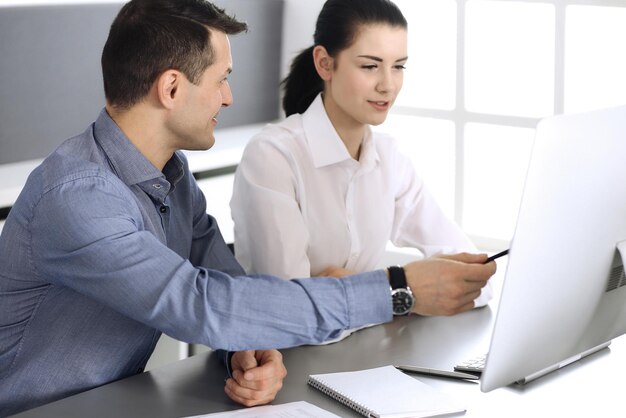 Cheerful smiling businessman and woman working with computer in modern office. Headshot at meeting or workplace. Teamwork, partnership and business concept.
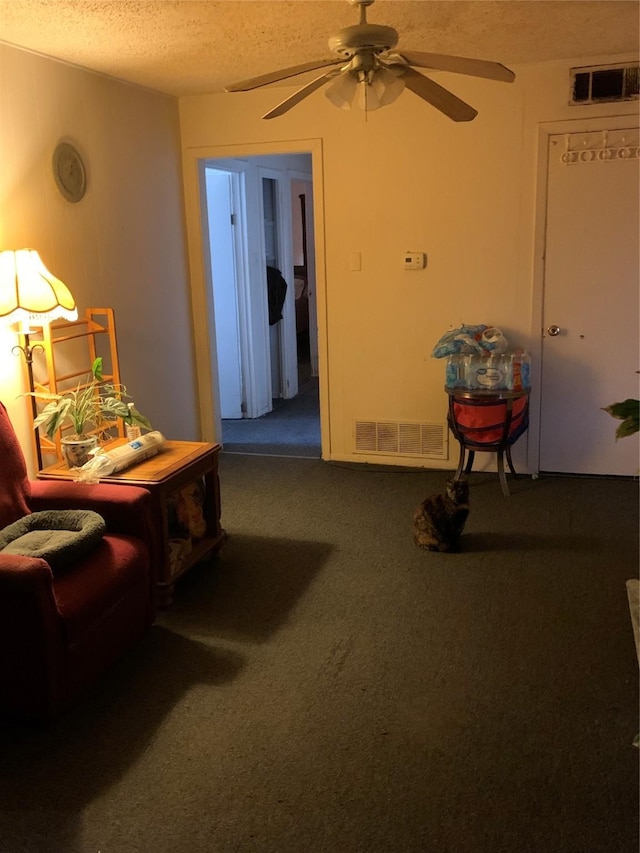 carpeted living area with ceiling fan, visible vents, and a textured ceiling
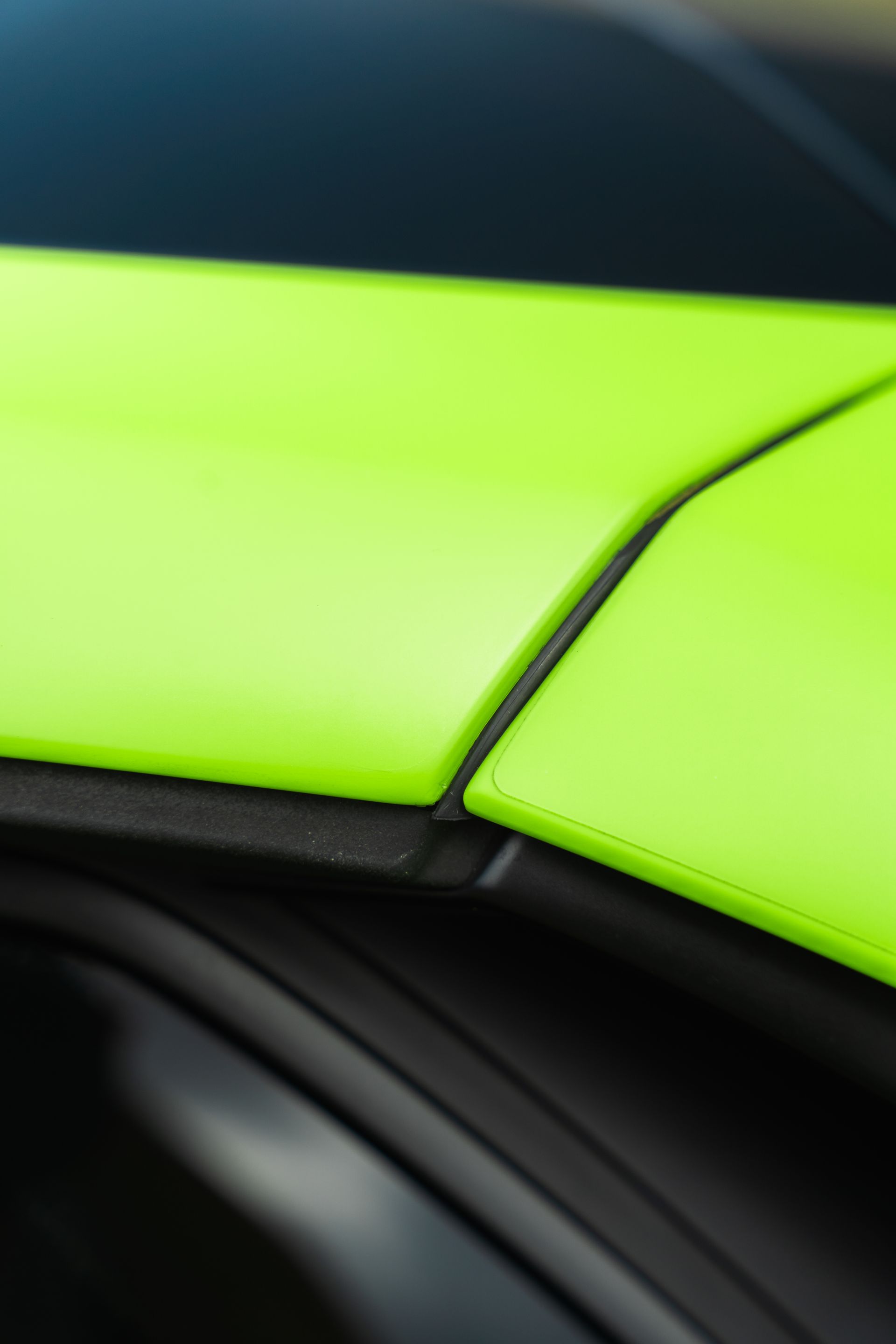 Close-up of a bright lime-green car panel with black trim and seams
*-*-*
* Activity *
Output the full listing verbatim, but drop the images.

* Answer box *
 Cheerful smiling businessman and woman working with computer in modern office. Headshot at meeting or workplace. Teamwork, partnership and business concept.
 carpeted living area with ceiling fan, visible vents, and a textured ceiling
 Close-up of a bright lime-green car panel with black trim and seams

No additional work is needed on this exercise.